Dear Michael,
I'd suggest to use a line like
rms :111.OG,:164.NE2 \
for a working mask, as this type works for pure rms fits as well. (See
section 29.2.2 of the Amber16 manual about the details of the masks in
cpptraj.)
I'm not sure, however, whether this cluster command suits your intention
about the analysis, but I'm not an expert there.
Regards,
Anselm
Am 12.05.2016 13:12, schrieb Michael Shokhen:
> Dear Anselm,
>
> Thank you for your response where you suggested that
> "your mask of the rms argument is broken as it contains spaces
> thus the second part of your mask ':164.NE2' is mistakenly interpreted
> as a further argument."
>
> Unfortunately, you didn't present a correct form of the command.

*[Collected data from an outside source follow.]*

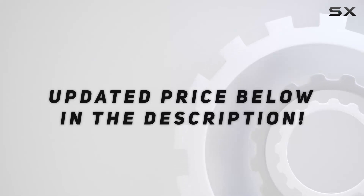Check out the video description for an updated price. Thank you for watching this video.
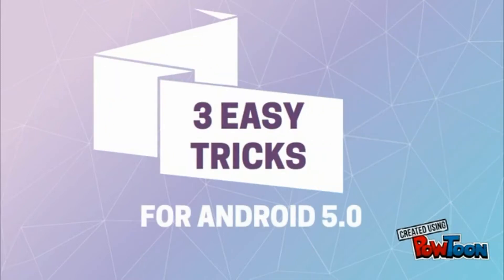Hi guys, welcome to Dr. Technology Reviews. Today I am going to tell you 3 tips that will make your life easier with your new Android phone.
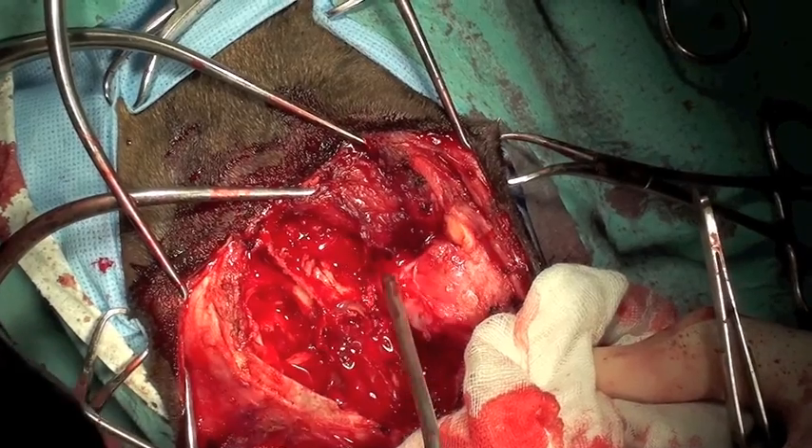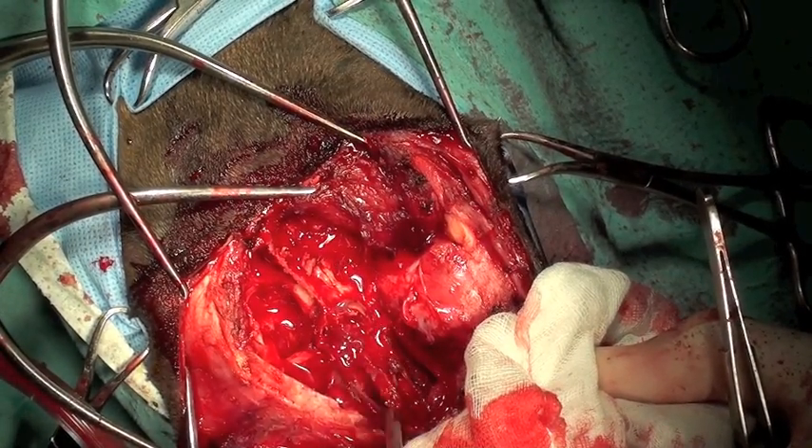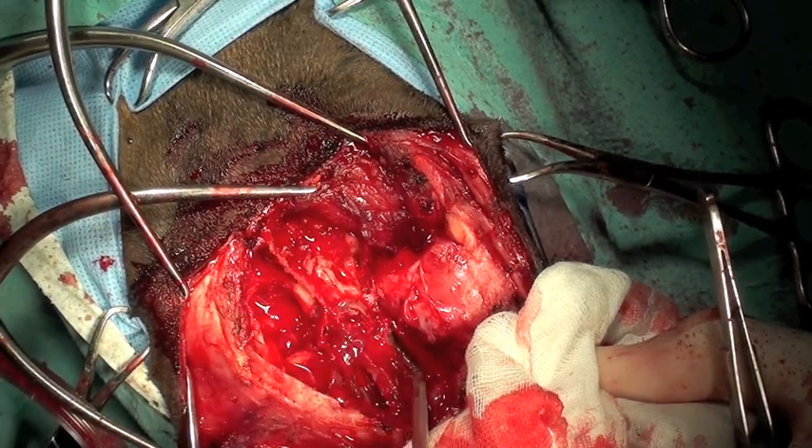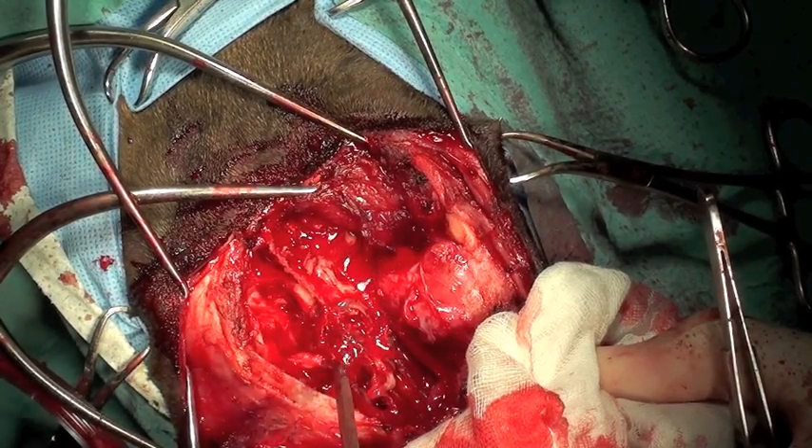At this point there was a moderate amount of blood loss, and you can see the exposed areas of brain which can be seen after removal of the tumour bone.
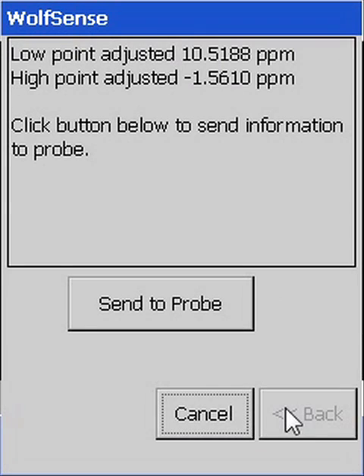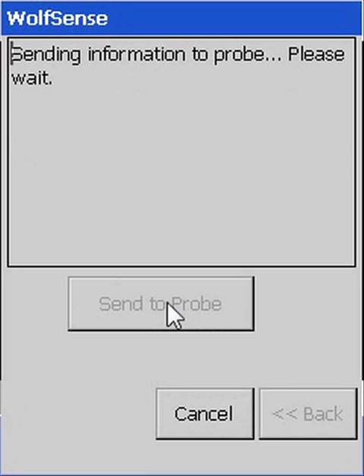These readings show how much of an adjustment you have made. Upon completion, send your user calibration adjustments to the probe that is being calibrated, where it is stored on an internal chip.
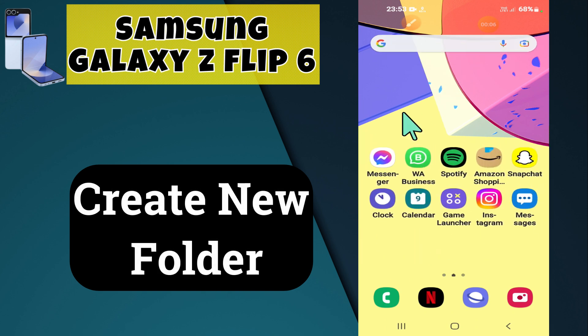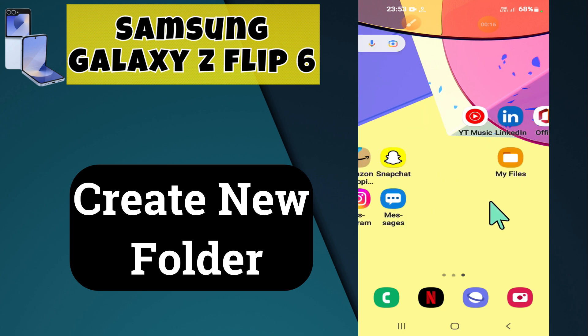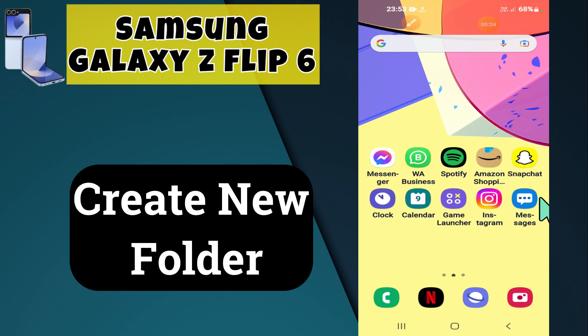Hi everyone, welcome back to my YouTube channel. In today's video, I'm here to show you how to create a new folder on your Samsung Galaxy Z Flip 6. But before we get started, don't forget to hit the subscribe button and the notification bell so you never miss out on any videos and stay updated. Let's get started.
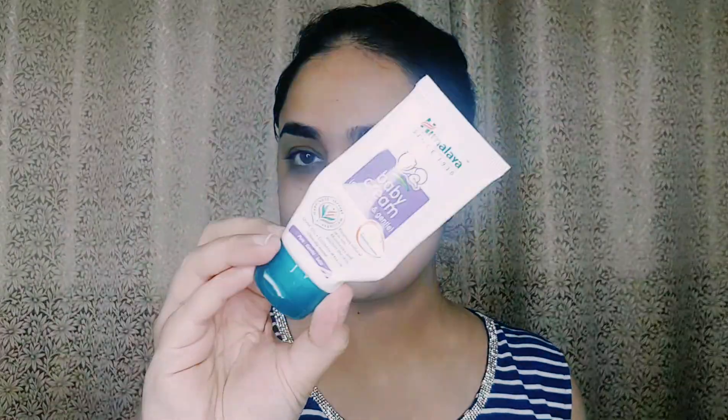First I am going to use Himalaya toner, and this is for all skin types. This toner is alcohol-free, so if your skin is sensitive you can also use it. It is good for teenagers. This toner will hydrate your skin and prepare it for makeup.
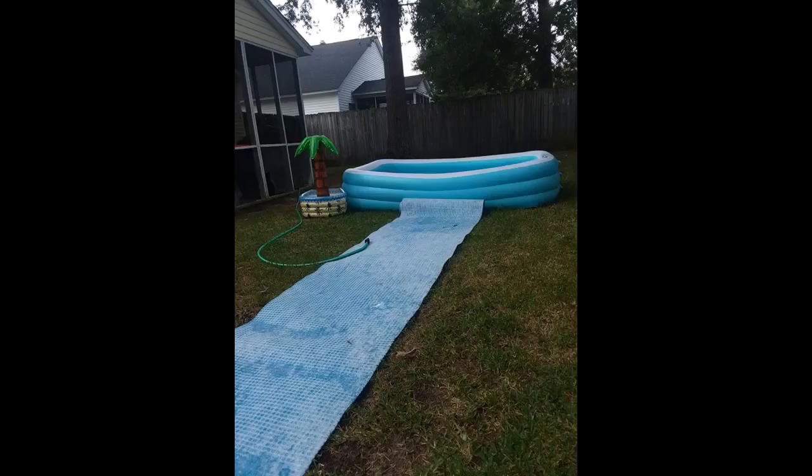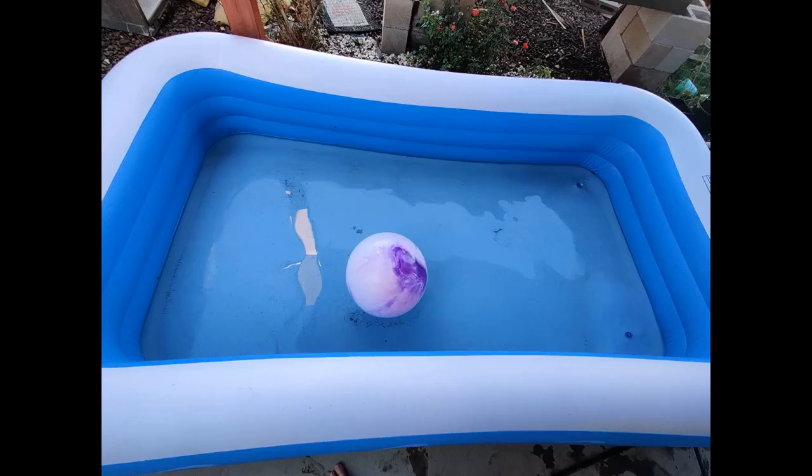Fun time for the backyard — it's a really great product. My family is enjoying this pool. I will probably buy again next time.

> I would highly appreciate if you will send me a correct variant of the
> line:
> rms :111.OG, :164.NE2 \
>
> Thank you,
> Michael
>
>
>
>
> *****************************
> Michael Shokhen, PhD
> Associate Professor
> Department of Chemistry
> Bar Ilan University,
> Ramat Gan, 52900
> Israel
> email: shokhen.mail.biu.ac.il
>
> ________________________________________
> From: Dr. Anselm Horn <anselm.horn.fau.de>
> Sent: Thursday, May 12, 2016 1:28:29 PM
> To: AMBER Mailing List
> Subject: Re: [AMBER] error in cluster analysis by cpptraj
>
> Dear Michael,
>
> probably your mask of the rms argument is broken as it contains spaces;
> thus the second part of your mask ':164.NE2' is mistakenly interpreted
> as a further argument.
> Correcting the mask string may help solve the problem.
>
> Regards,
>
> Anselm
>
>
>
>
> Am 12.05.2016 12:06, schrieb Michael Shokhen:
>> Dear Amber experts,
>>
>>
>> I need to conduct cluster analysis of several sequential MD trajectories
>>
>> by inter atomic bond distance :111.OG, :164.NE2
>>
>>
>> I never used previously such analysis, so
>>
>> cpptraj reported about ERROR.
>>
>>
>> I need your advise to identify error in my cpptraj.combined.cluster.in input file
>>
>> that I ran by the command:
>>
>> $ cpptraj -i cpptraj.combined.cluster.in
>>
>>
>> See details below.
>>
>>
>> Thank you,
>>
>> Michael
>>
>> cpptraj.combined.cluster.in file:
>>
>> # Combined cluster analysis with cpptraj.
>>
>> # Load topology and both trajectories
>> parm ../*.prmtop
>> trajin ../20_/prod4.mdcrd # 5000 frames
>> trajin ../21_/prod5.mdcrd # 5000 frames
>> trajin ../22_/prod6.mdcrd # 4971 frames
>> # Remove ions so they do not appear in output structures.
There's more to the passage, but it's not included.